» **Description of the task**
Return each entry below word for word, leaving out any image.
--
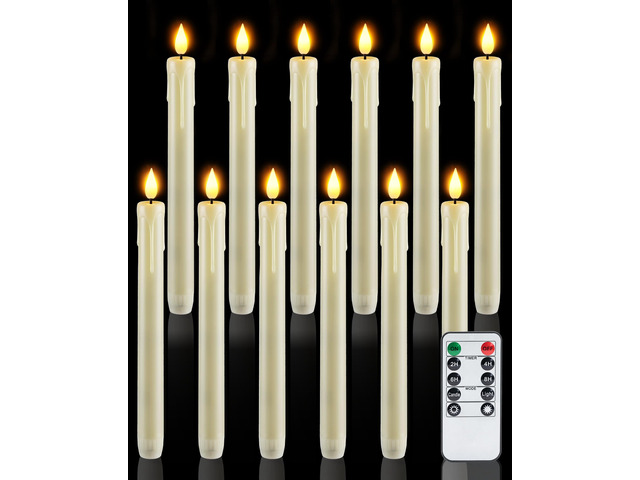 12 Pcs Plastic Flameless Taper Candles with Remote Timer Dimmer, Ivory Led Candlesticks with Flickering Flame Light, Lifelike Taper Candles Battery...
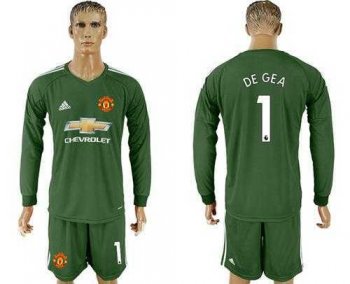 Manchester United #1 De Gea Green Goalkeeper Long Sleeves Soccer Club Jersey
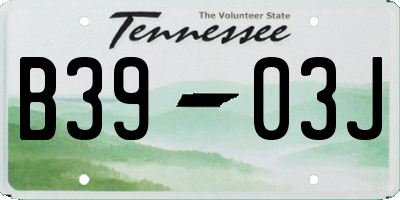 TN license plate B3903J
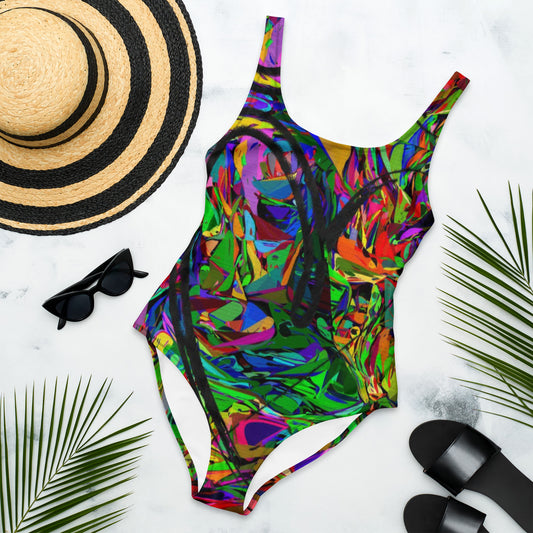 Women's abstract one-piece swimsuit with neon street art design – Neon Mythos by Hipyfi Front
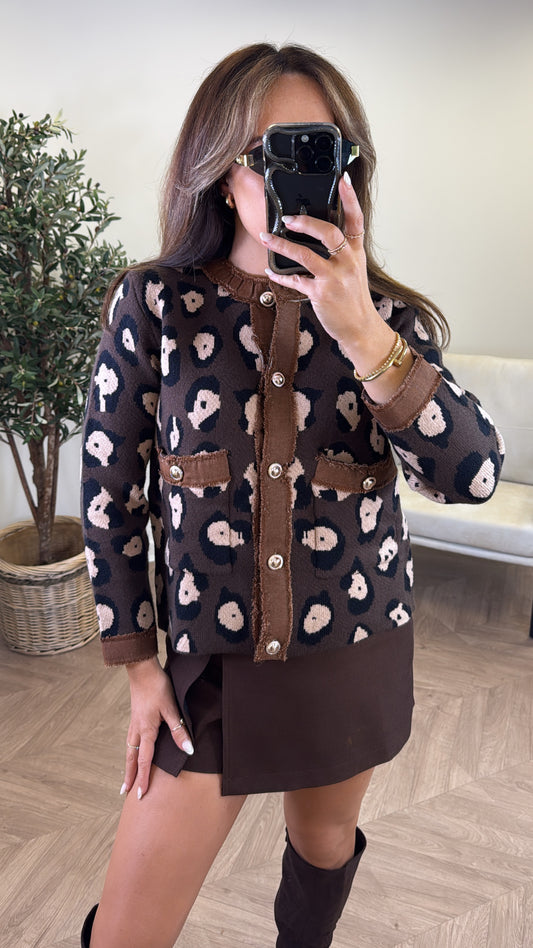 KENDELL brown leopard gold button knitted cardigan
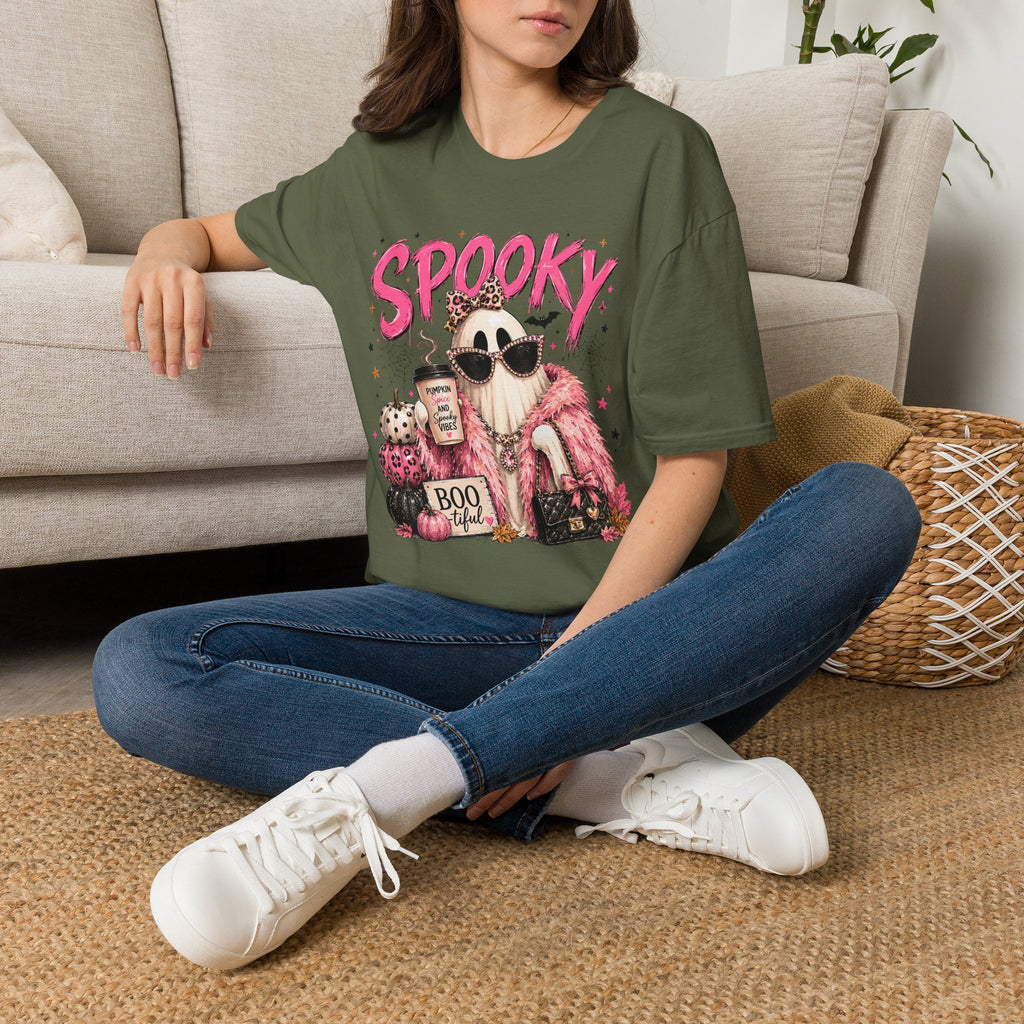 Spooky Glam T-Shirt — Cute Pink Ghost with Sunglasses & Pumpkin Latte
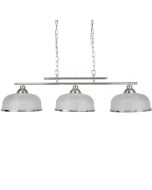 Hanglamp Bistro 3593-3SS staal kleurige hanglamp met drie kappen van holofaan glas aan een dubbele stang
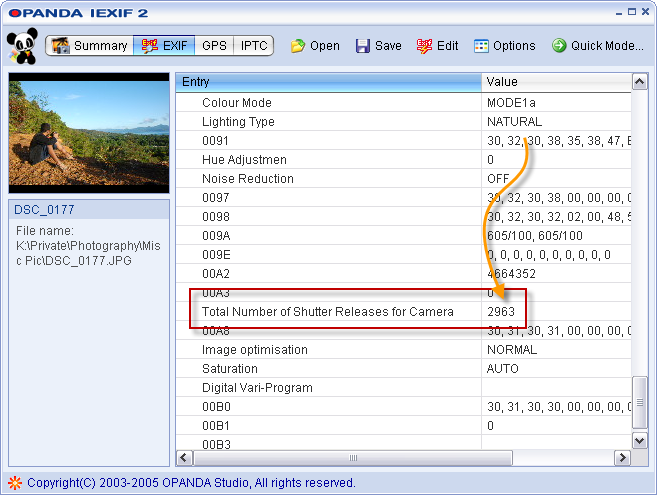 Στοιχεία από το EXIF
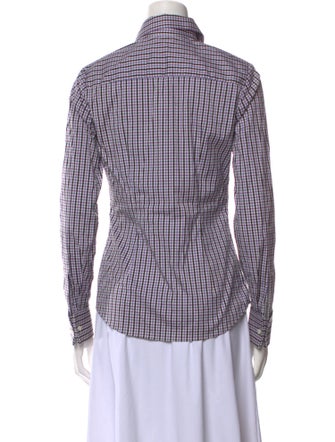 Michael Kors Collection Chambray Plaid Print Button-Up Top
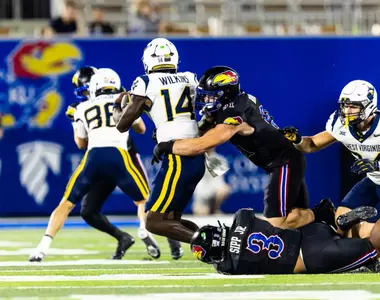 defensive lineman Alex Bray #91 of the Kansas Jayhawks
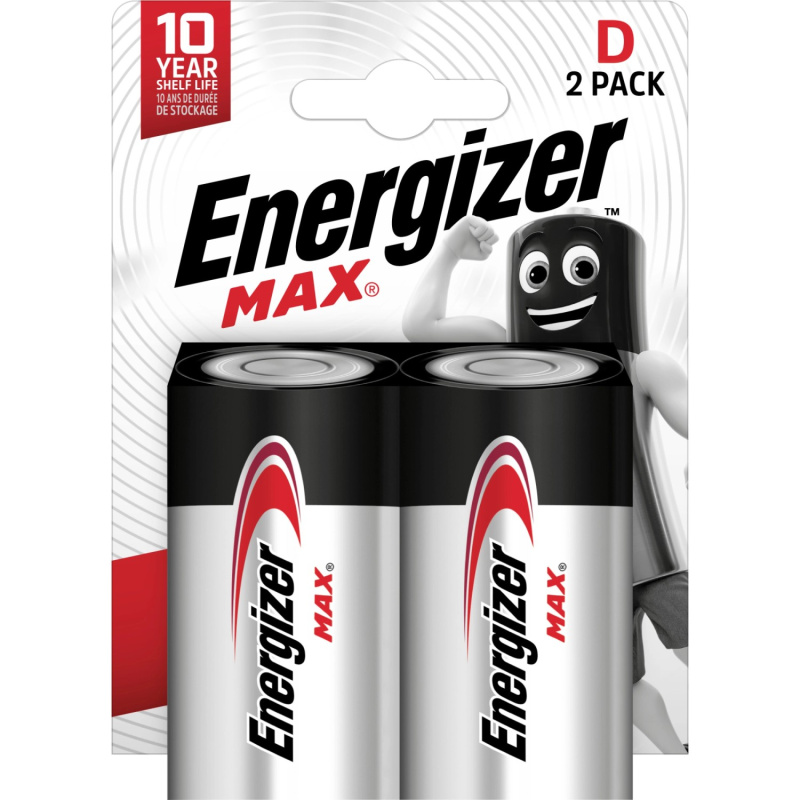 Alkalické baterie Energizer Max - 1,5 V, typ D, 2 ks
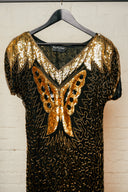 Vintage Royal Feelings Gold and Black Sequin Cocktail Mini Dress image 1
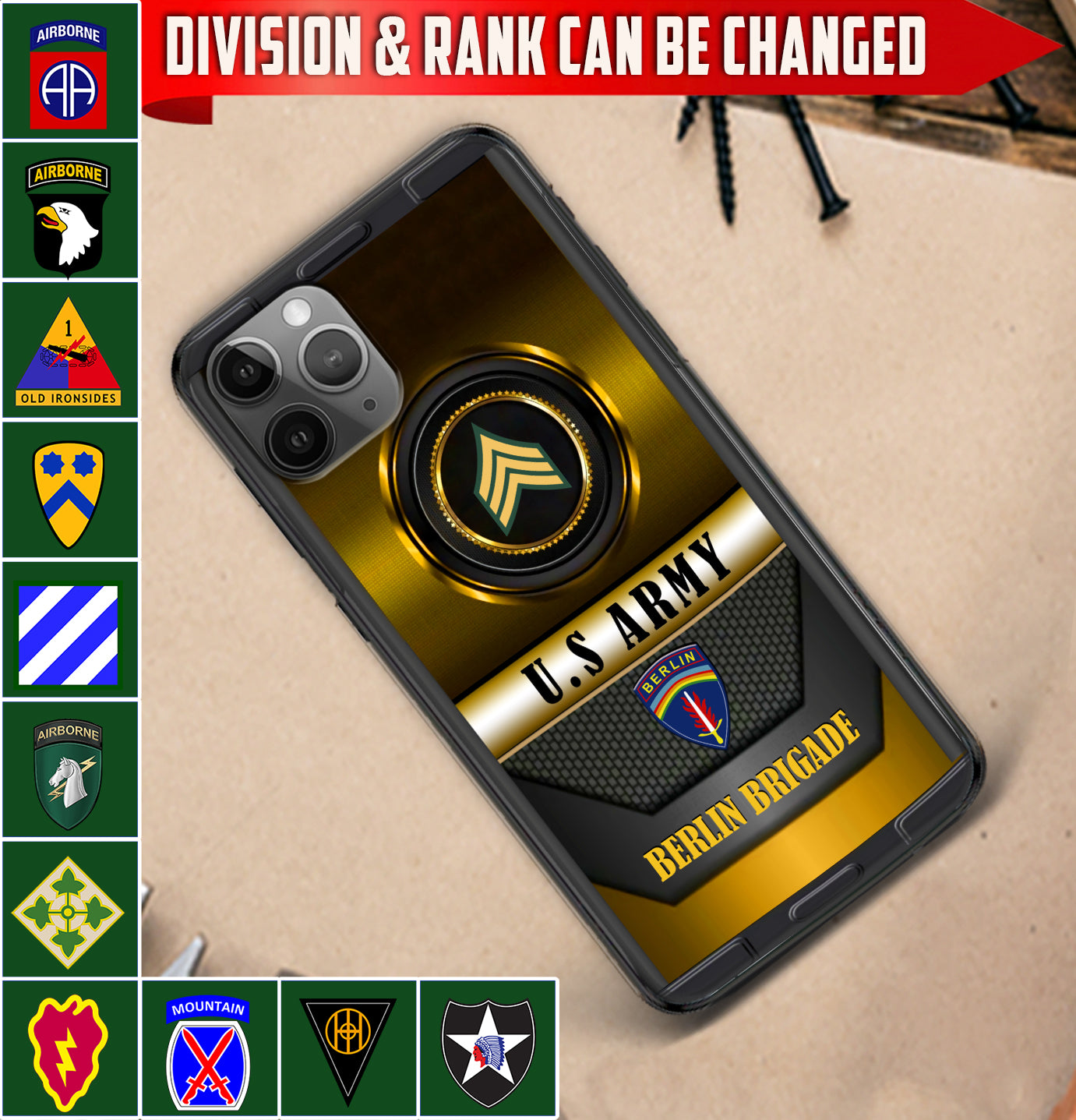 Personalized US Military - Army Division Phone Case Printed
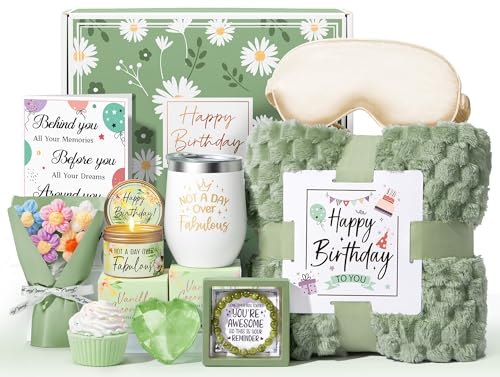 Birthday Gifts for Women Friendship, Unique Happy Birthday Gifts Basket for Mom Her Best Friend Sister Wife Girlfriend Cow...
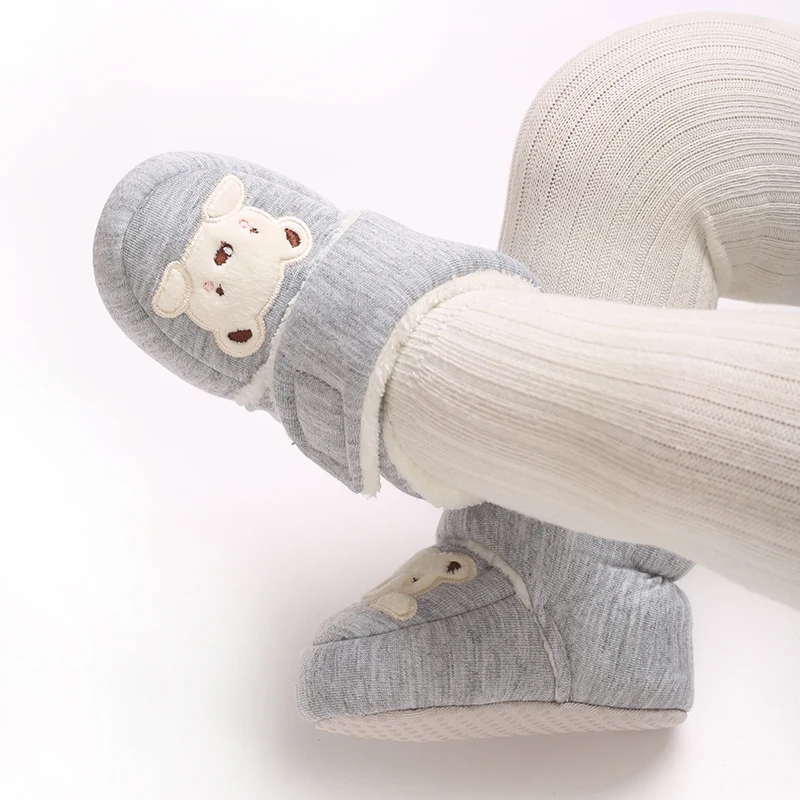 Winter-Baumwollschuhe für Neugeborene 0-1 Jahr Alte Jungen und Mädchen Baby Cartoon Teddybär mit Plüsch Warme Laufstiefel – Detail 16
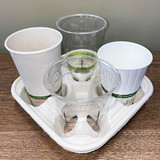 Compostable paper takeout cup carriers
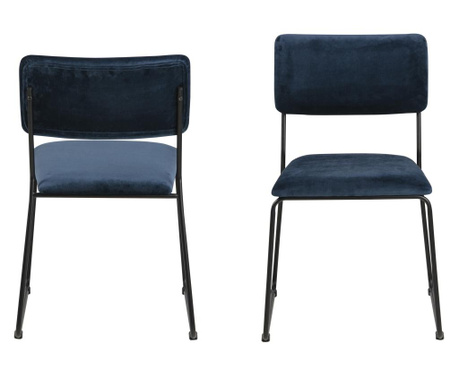 Set 2 scaune Actona, Cornelia, albastru, 54x50x80 cm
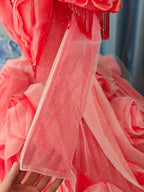 Vibrant Coral Red Off-the-Shoulder Ball Gown Wedding Dress with 3D Rose Appliqués & Beaded Tassels Ye-2036 by ZAPDRESS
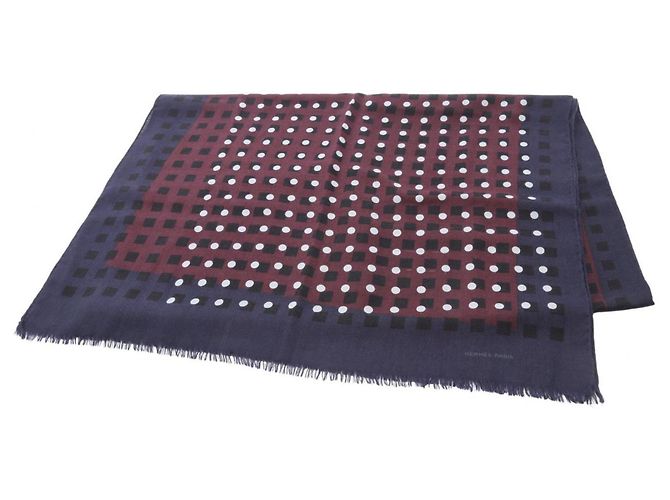 Sciarpa in seta e cashmere Hermès Bordò Blu navy 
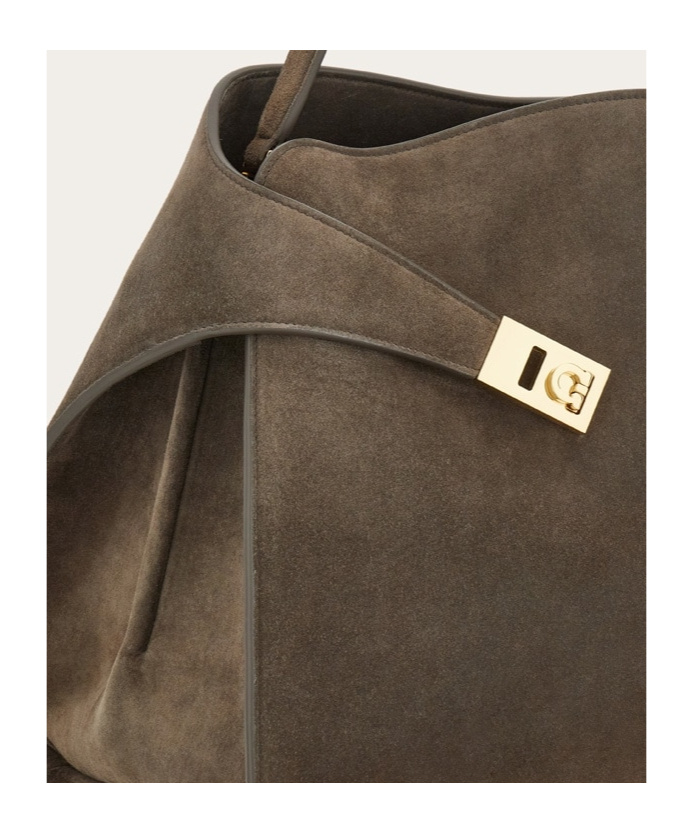 Shop Ferragamo Hug Structured Suede Tote Bag In Brown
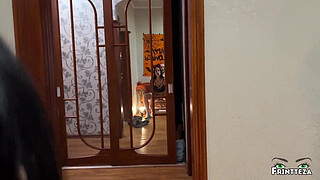 Stepson filled his Stepmom pussy with sperm before Halloween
--
» **Written answer**
 12 Pcs Plastic Flameless Taper Candles with Remote Timer Dimmer, Ivory Led Candlesticks with Flickering Flame Light, Lifelike Taper Candles Battery...
 Manchester United #1 De Gea Green Goalkeeper Long Sleeves Soccer Club Jersey
 TN license plate B3903J
 Women's abstract one-piece swimsuit with neon street art design – Neon Mythos by Hipyfi Front
 KENDELL brown leopard gold button knitted cardigan
 Spooky Glam T-Shirt — Cute Pink Ghost with Sunglasses & Pumpkin Latte
 Hanglamp Bistro 3593-3SS staal kleurige hanglamp met drie kappen van holofaan glas aan een dubbele stang
 Στοιχεία από το EXIF
 Michael Kors Collection Chambray Plaid Print Button-Up Top
 defensive lineman Alex Bray #91 of the Kansas Jayhawks
 Alkalické baterie Energizer Max - 1,5 V, typ D, 2 ks
 Vintage Royal Feelings Gold and Black Sequin Cocktail Mini Dress image 1
 Personalized US Military - Army Division Phone Case Printed
 Birthday Gifts for Women Friendship, Unique Happy Birthday Gifts Basket for Mom Her Best Friend Sister Wife Girlfriend Cow...
 Winter-Baumwollschuhe für Neugeborene 0-1 Jahr Alte Jungen und Mädchen Baby Cartoon Teddybär mit Plüsch Warme Laufstiefel – Detail 16
 Compostable paper takeout cup carriers
 Set 2 scaune Actona, Cornelia, albastru, 54x50x80 cm
 Vibrant Coral Red Off-the-Shoulder Ball Gown Wedding Dress with 3D Rose Appliqués & Beaded Tassels Ye-2036 by ZAPDRESS
 Sciarpa in seta e cashmere Hermès Bordò Blu navy 
 Shop Ferragamo Hug Structured Suede Tote Bag In Brown
 Stepson filled his Stepmom pussy with sperm before Halloween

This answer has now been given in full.